### [EXERCISE DETAILS]
Beneath this instruction is a block of data; output from it exactly the lines that run from the one containing "TP-Link VIGI NVR1008H 8MP" through the one containing "Load image into", inclusive.

[MATERIAL SUPPLIED — start]

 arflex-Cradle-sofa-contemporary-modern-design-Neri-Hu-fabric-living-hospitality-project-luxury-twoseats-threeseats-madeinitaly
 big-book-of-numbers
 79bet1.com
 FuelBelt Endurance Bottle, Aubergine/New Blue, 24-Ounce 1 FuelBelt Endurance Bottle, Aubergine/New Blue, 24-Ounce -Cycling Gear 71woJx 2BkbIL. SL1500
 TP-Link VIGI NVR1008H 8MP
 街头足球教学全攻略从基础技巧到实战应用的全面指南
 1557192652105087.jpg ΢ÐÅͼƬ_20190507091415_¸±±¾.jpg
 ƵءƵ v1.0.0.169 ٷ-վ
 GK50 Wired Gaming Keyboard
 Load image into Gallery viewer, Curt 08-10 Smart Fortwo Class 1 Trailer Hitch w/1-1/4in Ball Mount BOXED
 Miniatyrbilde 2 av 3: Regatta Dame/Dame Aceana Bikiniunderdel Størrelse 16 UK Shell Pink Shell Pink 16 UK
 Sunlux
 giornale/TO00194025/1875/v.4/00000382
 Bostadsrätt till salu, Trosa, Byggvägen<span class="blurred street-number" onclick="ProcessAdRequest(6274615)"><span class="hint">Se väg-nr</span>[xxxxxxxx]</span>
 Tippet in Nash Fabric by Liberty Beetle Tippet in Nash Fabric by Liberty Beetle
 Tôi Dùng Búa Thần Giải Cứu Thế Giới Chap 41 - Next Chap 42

[MATERIAL SUPPLIED — finish]
[MATERIAL SUPPLIED — start]

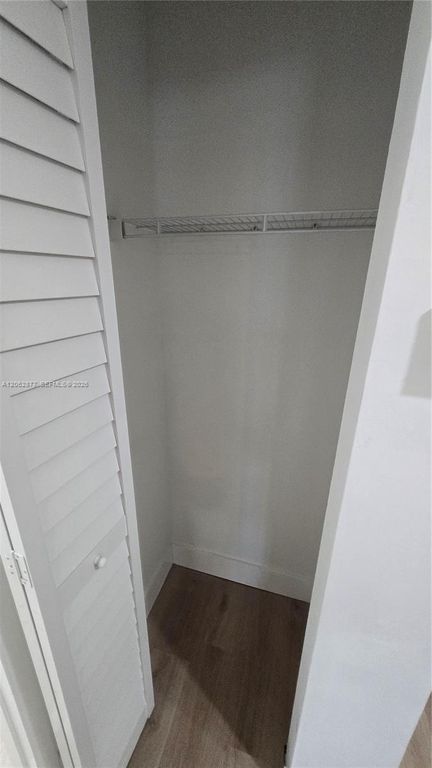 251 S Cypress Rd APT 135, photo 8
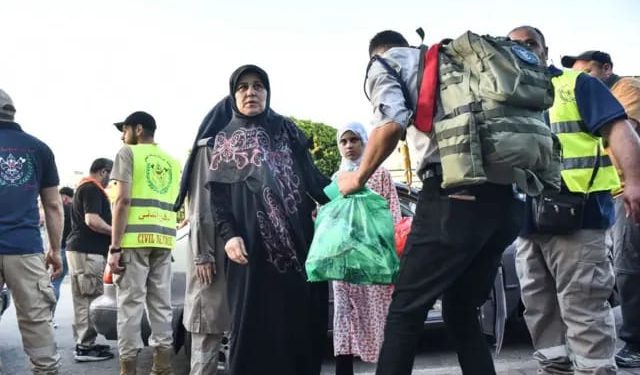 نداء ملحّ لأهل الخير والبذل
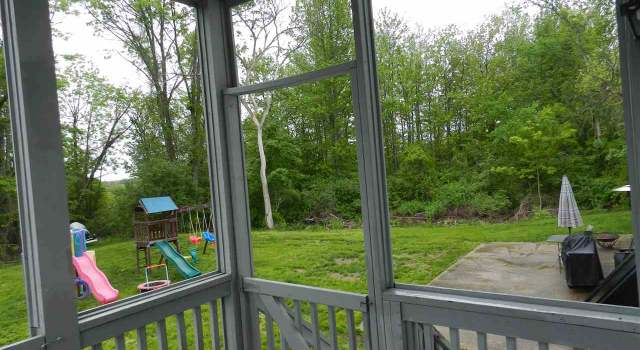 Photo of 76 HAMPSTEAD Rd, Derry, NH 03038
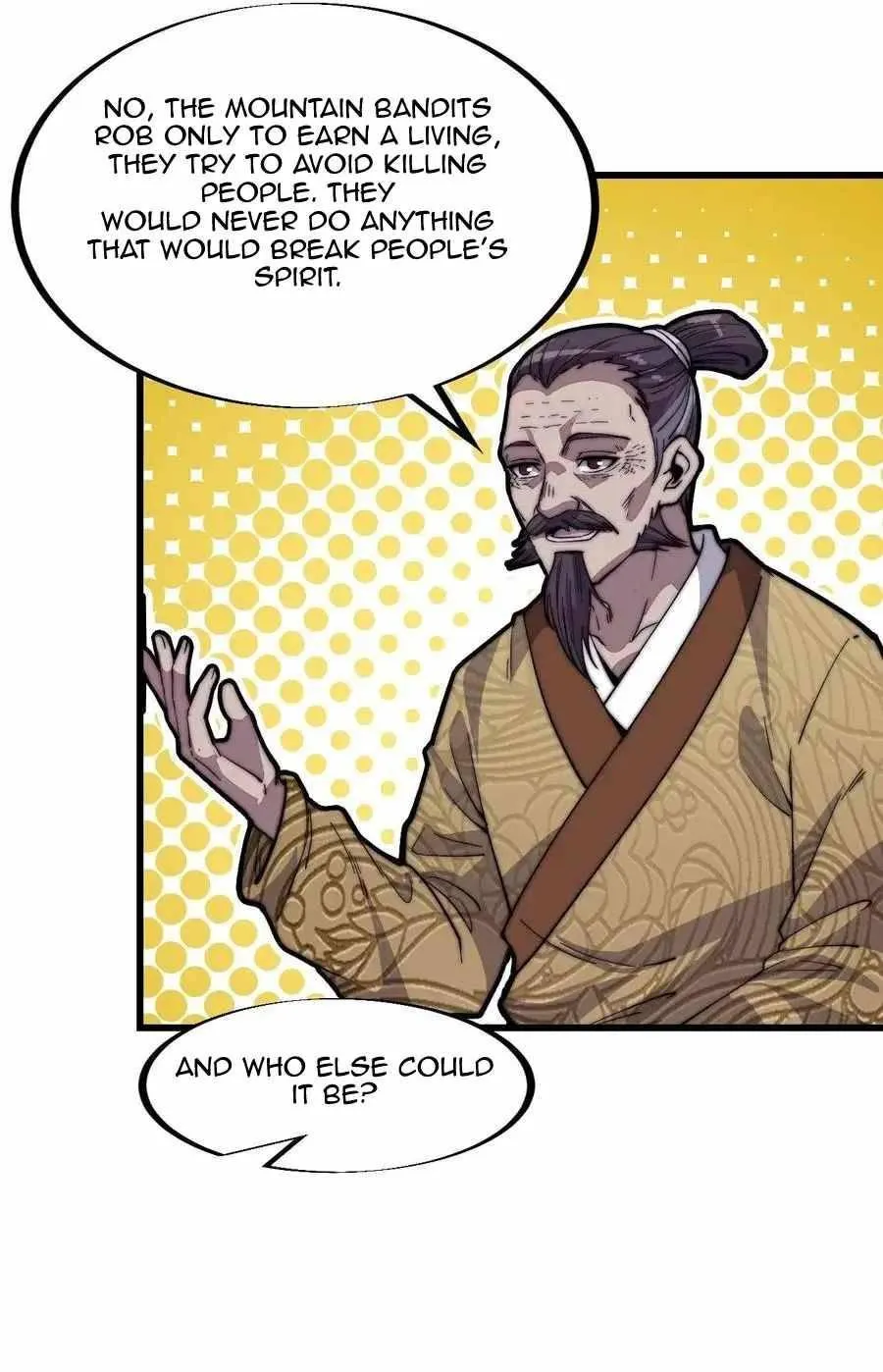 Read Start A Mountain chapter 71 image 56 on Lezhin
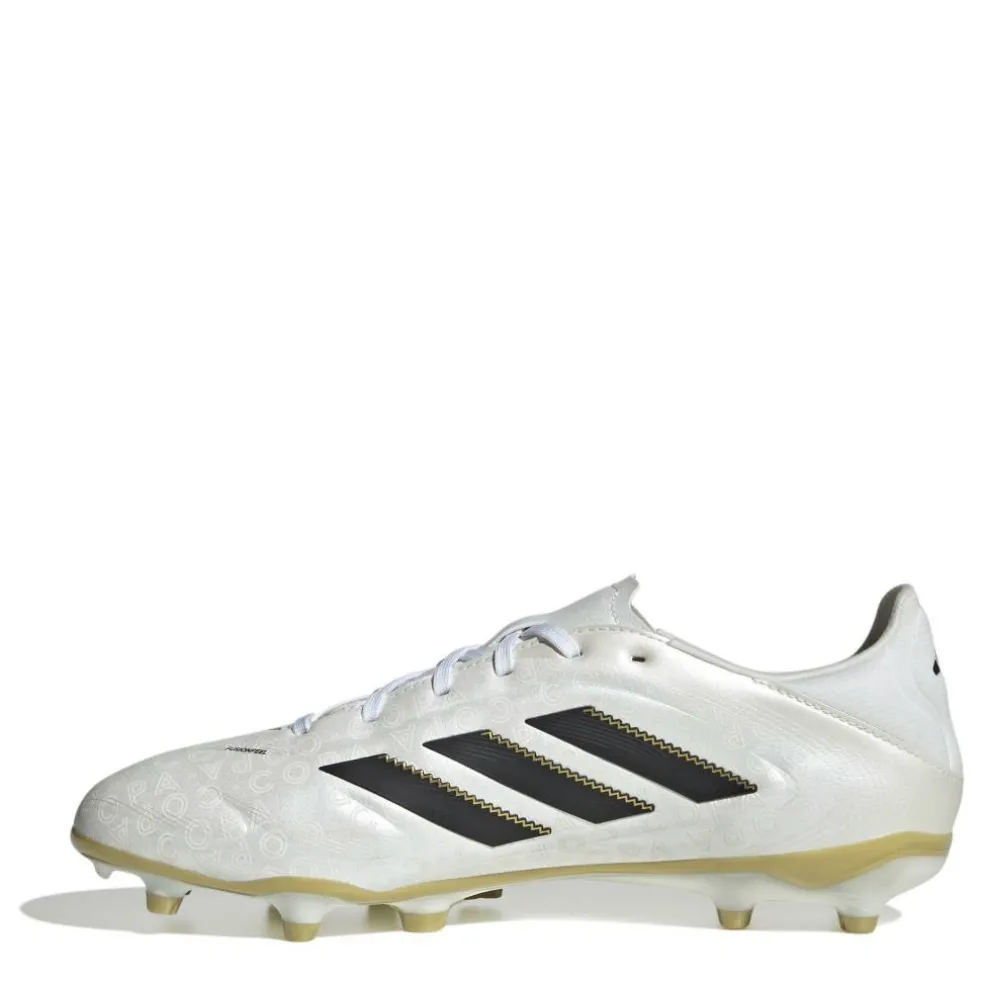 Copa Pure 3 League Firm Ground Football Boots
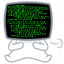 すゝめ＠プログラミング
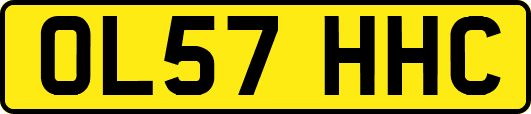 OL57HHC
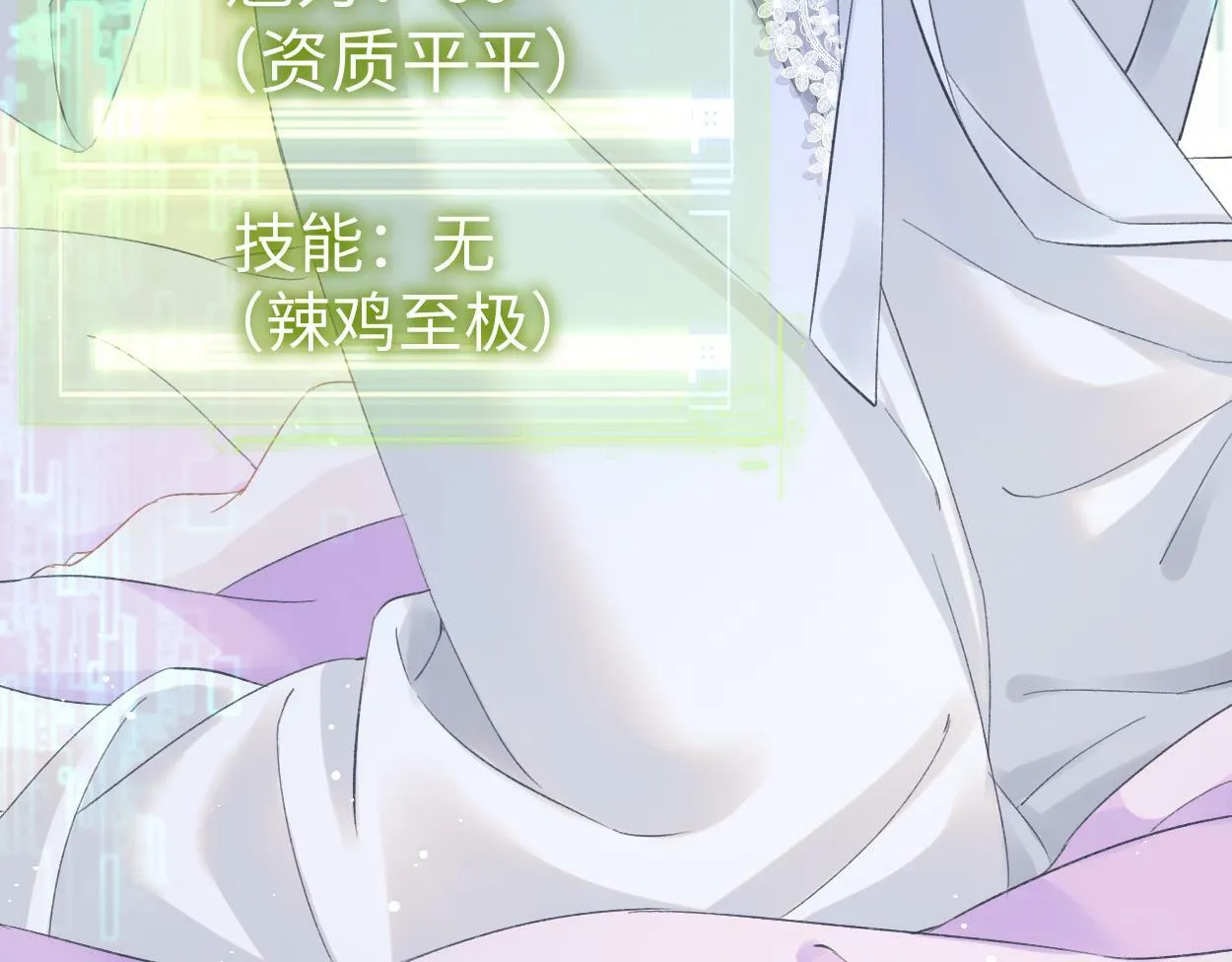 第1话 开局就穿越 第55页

[MATERIAL SUPPLIED — finish]

### [RESPONSE AREA]
 TP-Link VIGI NVR1008H 8MP
 街头足球教学全攻略从基础技巧到实战应用的全面指南
 1557192652105087.jpg ΢ÐÅͼƬ_20190507091415_¸±±¾.jpg
 ƵءƵ v1.0.0.169 ٷ-վ
 GK50 Wired Gaming Keyboard
 Load image into Gallery viewer, Curt 08-10 Smart Fortwo Class 1 Trailer Hitch w/1-1/4in Ball Mount BOXED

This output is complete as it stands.